- WHAT IS BEING ASKED -
Although the listing below holds pictures, reproduce only its lines from the one containing "HERMOSO DUPLEX EN VENTA" through the last, exactly and without them.

- STORED DATA -
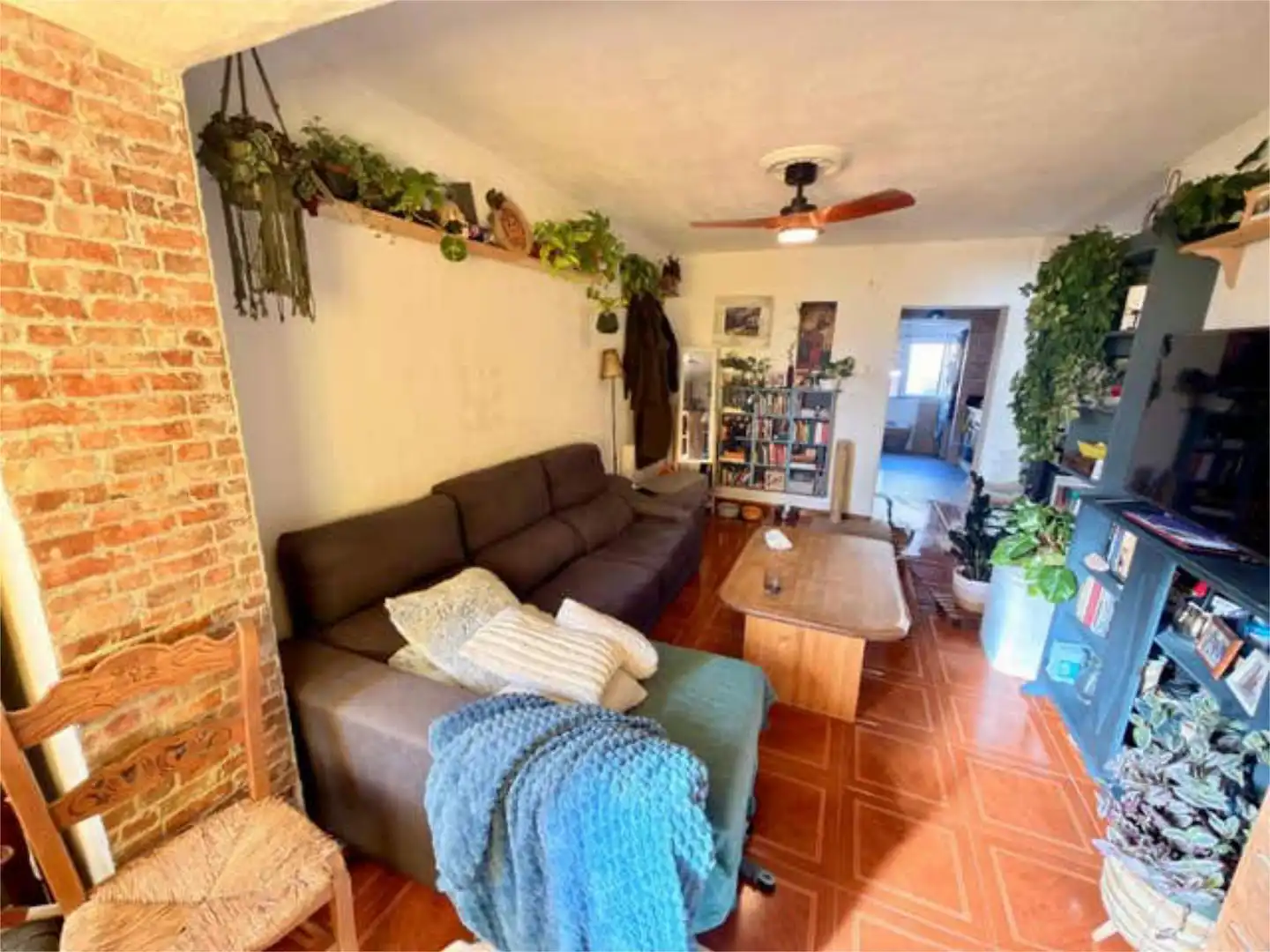 Living room of Flat for sale in Alcalá de Henares  with Terrace and Furnished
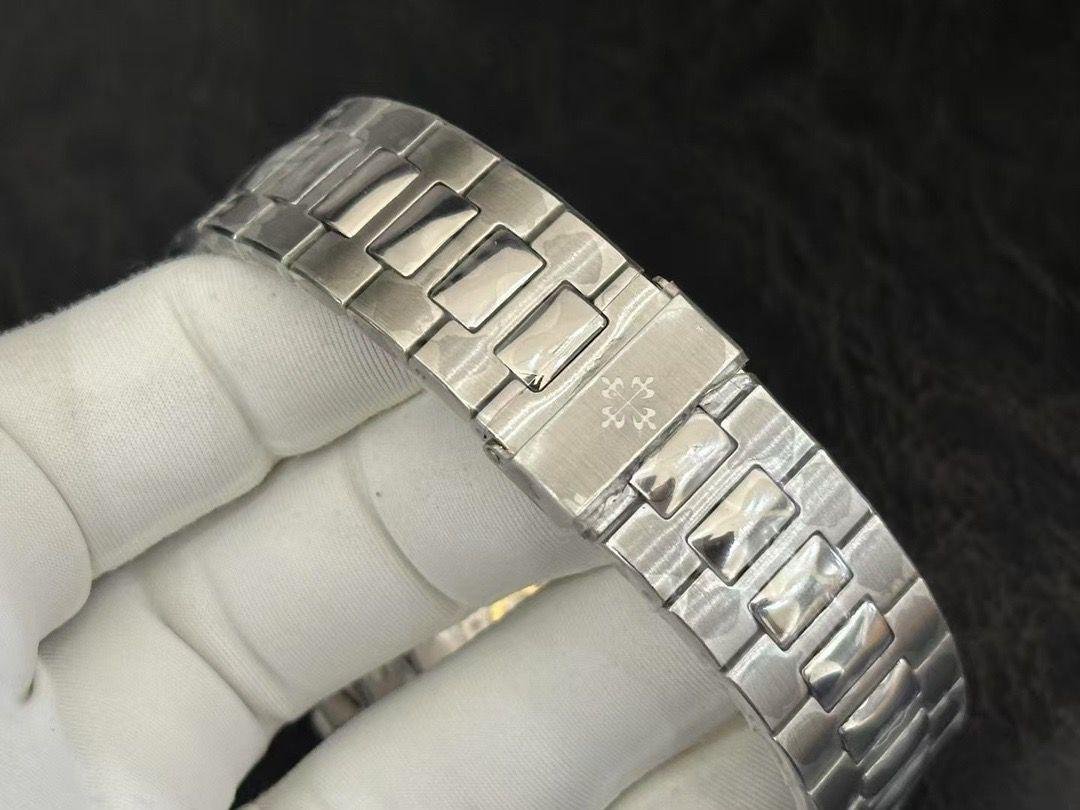 Patek Philippe Nautilus 39 - Slika 14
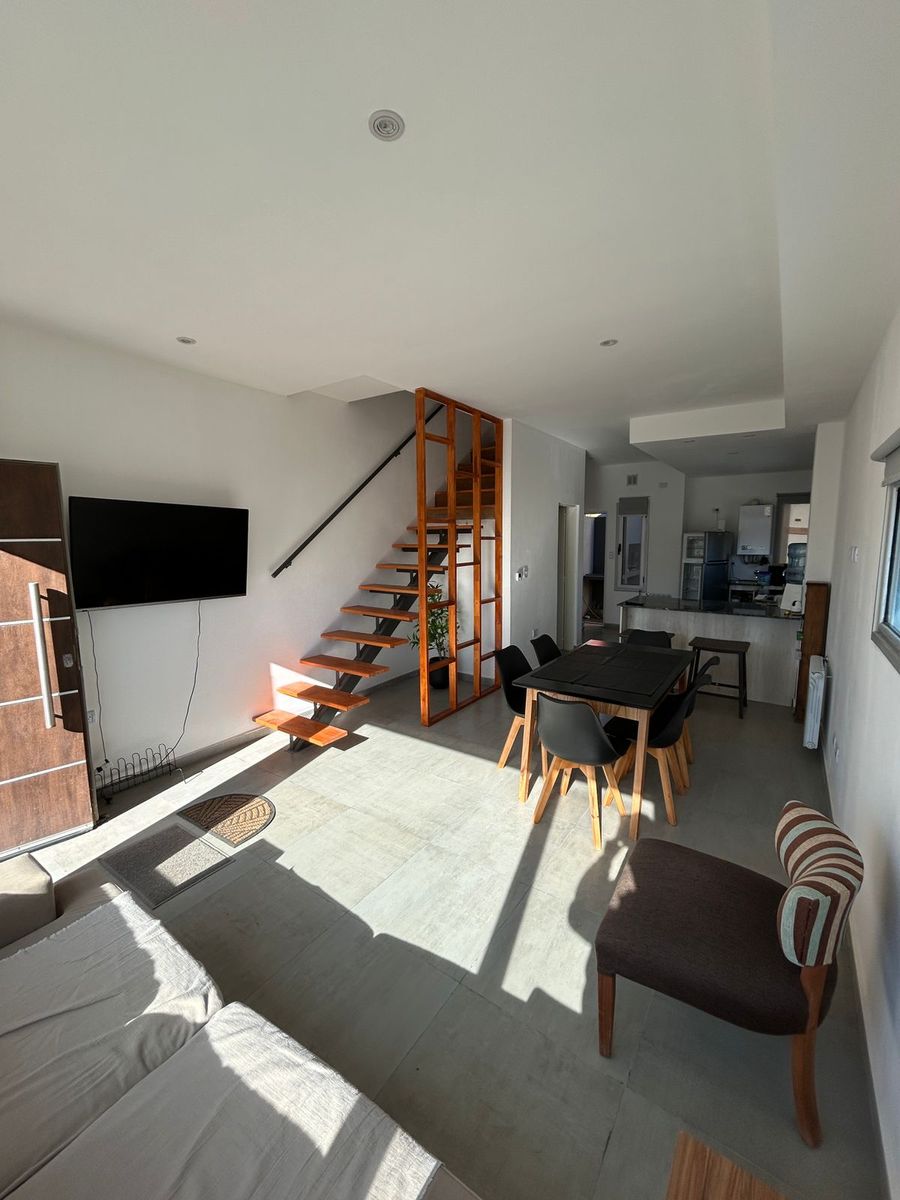 HERMOSO DUPLEX EN VENTA
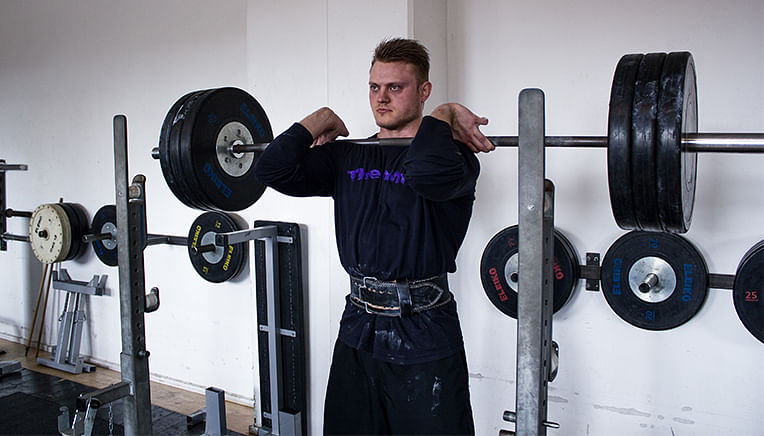 Frontsquat med træningsbælte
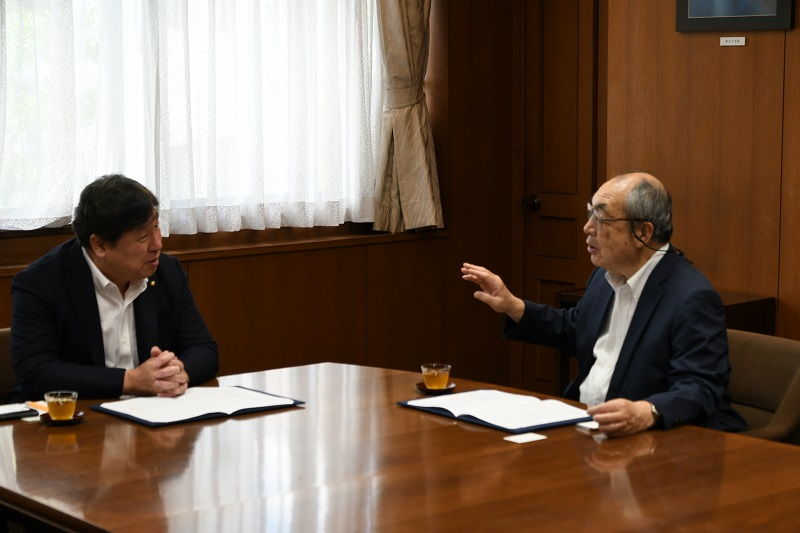 歯科口腔保健活動に関する連携協定の締結の様子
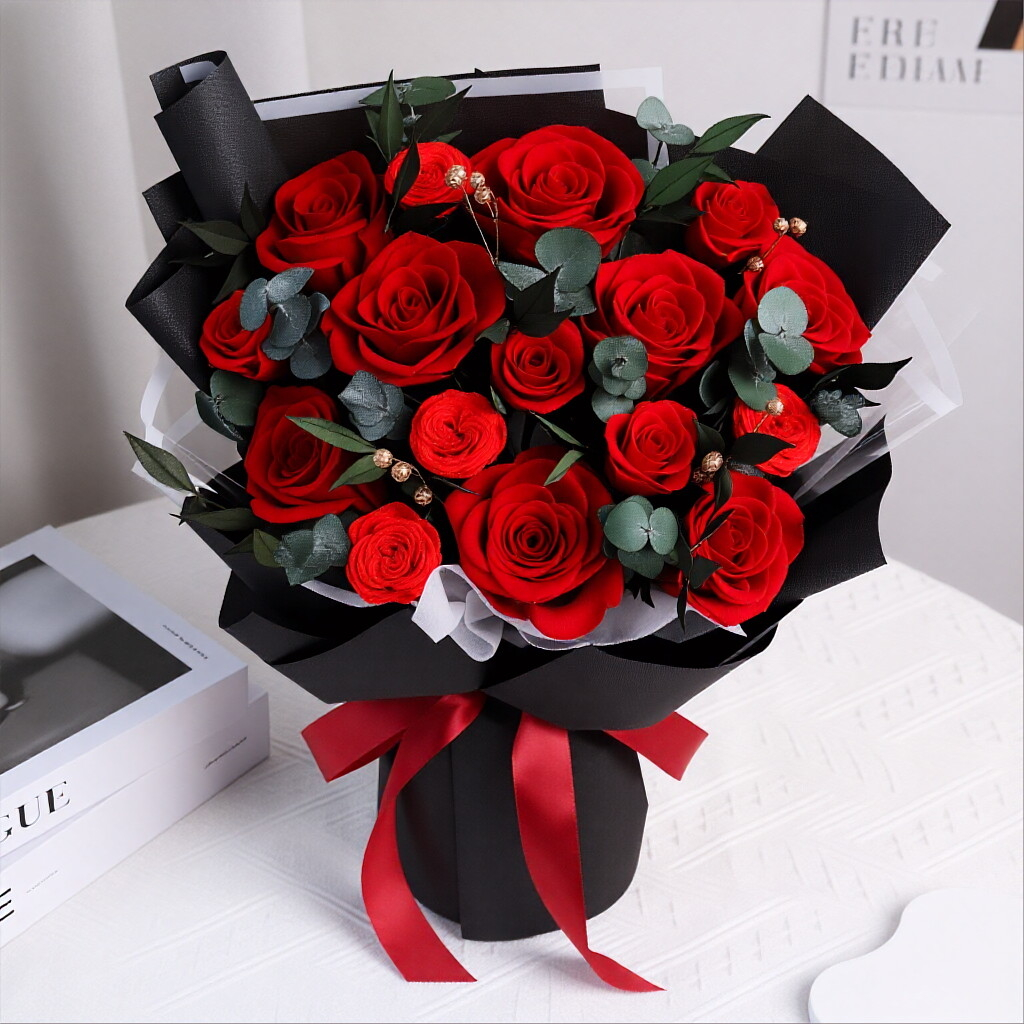 Preserved Rose Gift Box: A Creative Mother's Day Offering, Graduation Season Gift Set, and Teachers' Day Keepsake
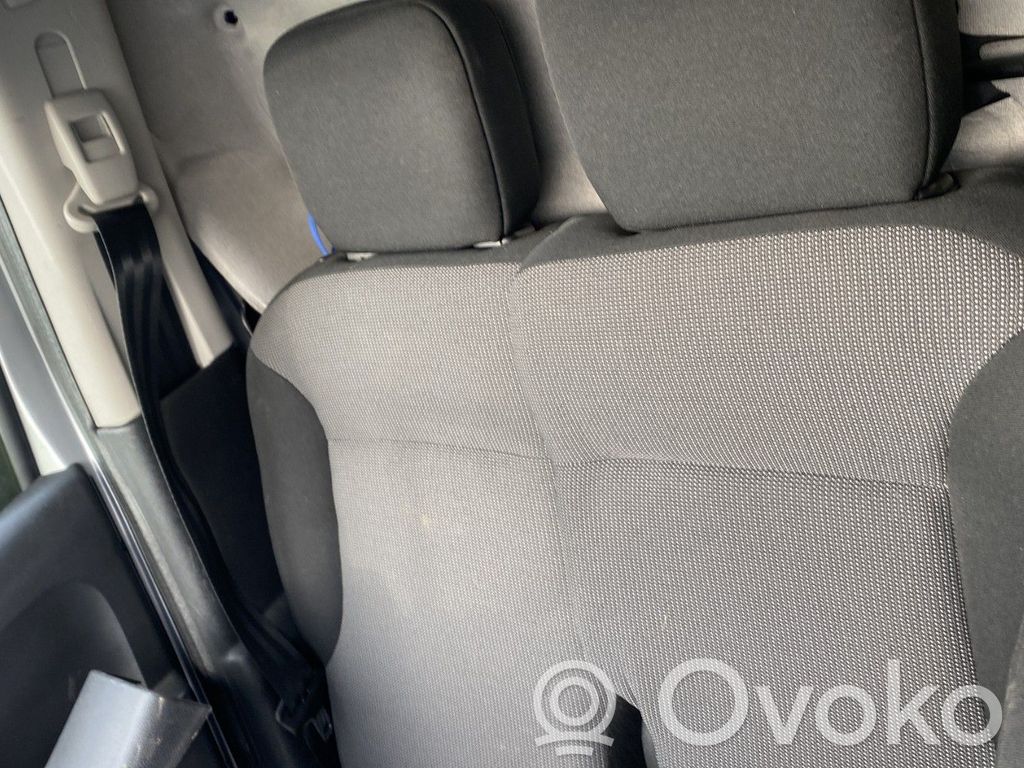 Citroen Berlingo Kaksoisetuistuin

- SOLUTION FOR THIS TASK -
 HERMOSO DUPLEX EN VENTA
 Frontsquat med træningsbælte
 歯科口腔保健活動に関する連携協定の締結の様子
 Preserved Rose Gift Box: A Creative Mother's Day Offering, Graduation Season Gift Set, and Teachers' Day Keepsake
 Citroen Berlingo Kaksoisetuistuin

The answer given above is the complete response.